Just man up and end it,
Okay, listen here... Just because your piece of shit father left you, or you left your kid. That does NOT mean you should advise others to be DEAD BEAT DADS. Do you know what you do? You MAN UP and get along with your wife, you become cordial but keep it together for that BABY that you had?! Are you fudging kidding me? Are you??

You CREATED something, so it's your fudging RESPONSIBILITY to MAN UP and spend the first 18 years of that child's life to ensuring they go to sleep EVERY NIGHT! To kiss and hug, to tell that baby she or he is the most beautiful thing in the world, he is smart and so forth. Do that for 18 years! That is your responsibility buddy, and your wife's. Don't ever think that just because you don't realize that you are a fudge up you should spread that BS here.

Oh, if this was a troll. It was executed perfectly.
 
Okay, listen here... Just because your piece of shit father left you, or you left your kid. That does NOT mean you should advise others to be DEAD BEAT DADS. Do you know what you do? You MAN UP and get along with your wife, you become cordial but keep it together for that BABY that you had?! Are you fudging kidding me? Are you??

You CREATED something, so it's your fudging RESPONSIBILITY to MAN UP and spend the first 18 years of that child's life to ensure that they go to sleep EVERY NIGHT for 18 years! To kiss and hug, to tell that baby she or he is the most beautiful thing in the world, he is smart and so forth. Do that for 18 years! That is your responsibility buddy. Don't ever think that just because you don't realize that you are a fudge up you should spread that BS here.

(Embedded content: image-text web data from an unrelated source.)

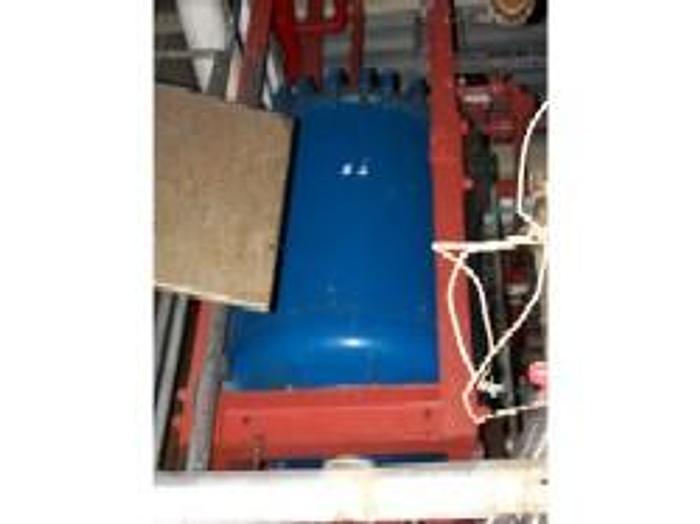 Used Pfaudler 100 gallon vertical #5015 glass lined vacuum receiver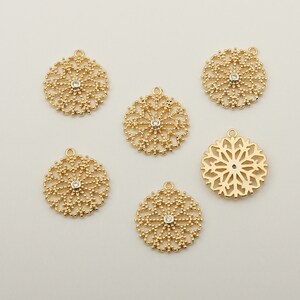 1PCS - Gold Fireworks Cubic Charm, Firework Display Dangle, Cubic Snow Flower Pendant, Winter Snow Flake Pendant / ST5-0G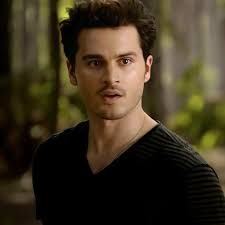 Enzo with short or long hair? : r/TheVampireDiaries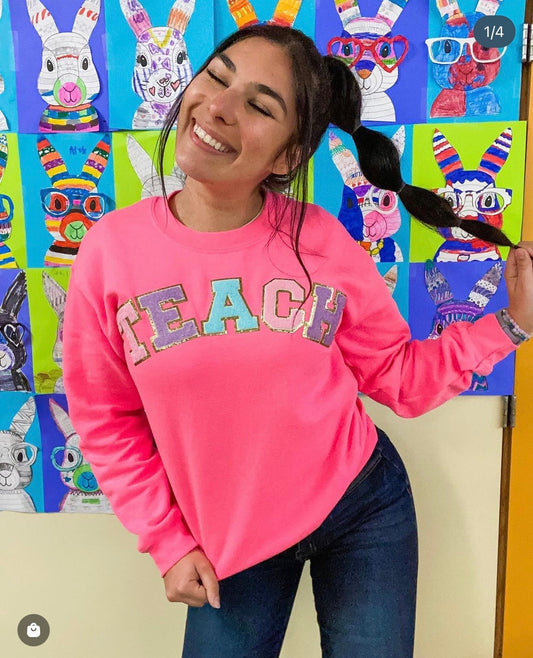 Pastel Teach Letter Patch Sweatshirt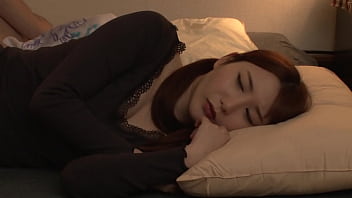 porn httpsbitly3s0ustv 옆에 누나가 있는데도 소리를 끄지 않고 av를 보는 형 그것을 눈치챈 언니는 못 본 척 하려 하지만 사타구니는 그녀의 말을 듣지 않고4부 porn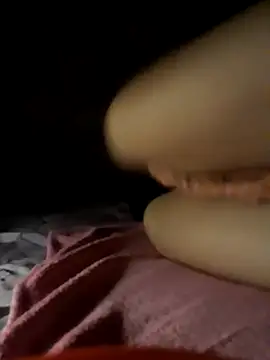 -Tara-a live cam on StripChat
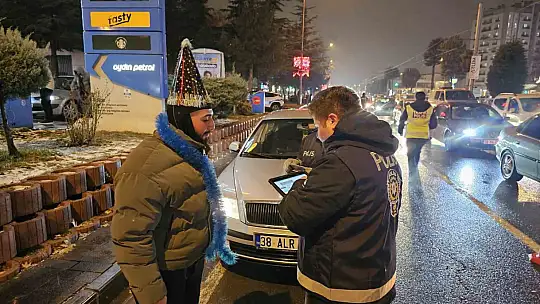 Kayseri'de polis ekipleri denetimleri artırdı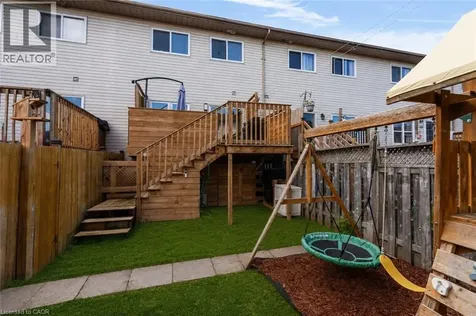 4 Parkside Crescent Angus ON L0M 1B3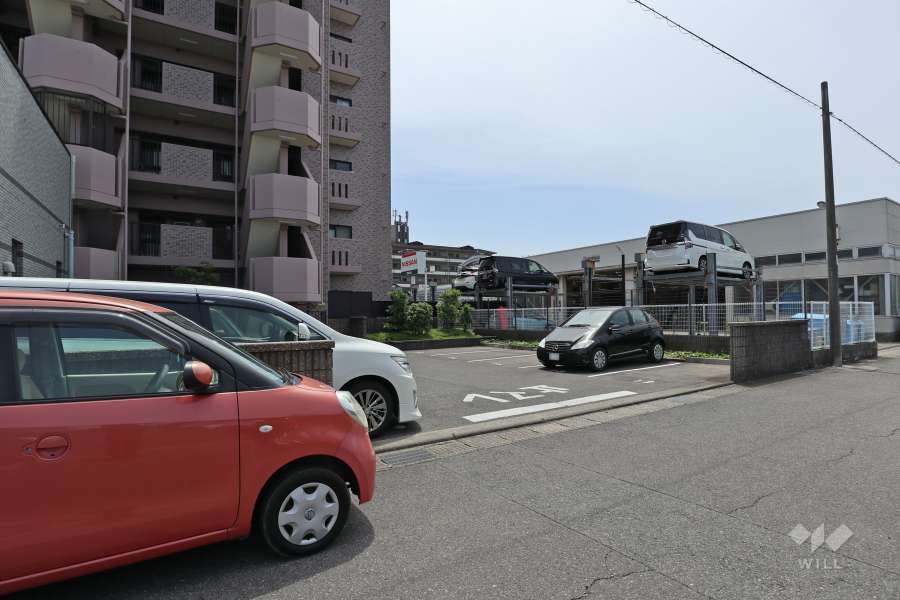 敷地内駐車場（屋外平面式）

Oh, if this was a troll. It was executed perfectly.
What's worse for a kid? Being raised in a toxic, unloving relationship with bitterness, resentment and anger or seeing your dad on the wknds without the hate/fighting. Obviously people in this situation shouldn't be having kids in the first place.Ive known people who loved both their step dads/moms and their own dads/moms. It can work, not optimal but doable.
 
What's worse for a kid? Being raised in a toxic, unloving relationship with bitterness, resentment and anger or seeing your dad on the wknds without the hate/fighting. Obviously people in this situation shouldn't be having kids in the first place.
Toxic relationship? You get along, you are two adults. ACT LIKE IT! Raise that child together. No sex for 18 years, hey that was your decision pal!

Or what? You are too horny? You need to fudge b!tches?! >.>
 
Toxic relationship? You get along, you are two adults. ACT LIKE IT! Raise that child together. No sex for 18 years, hey that was your decision pal!

Or what? You are too horny? You need to fudge b!tches?! >.>
Not me personally. I'd raise my kid and not fight. Everybody is not cut from the same mold though, right?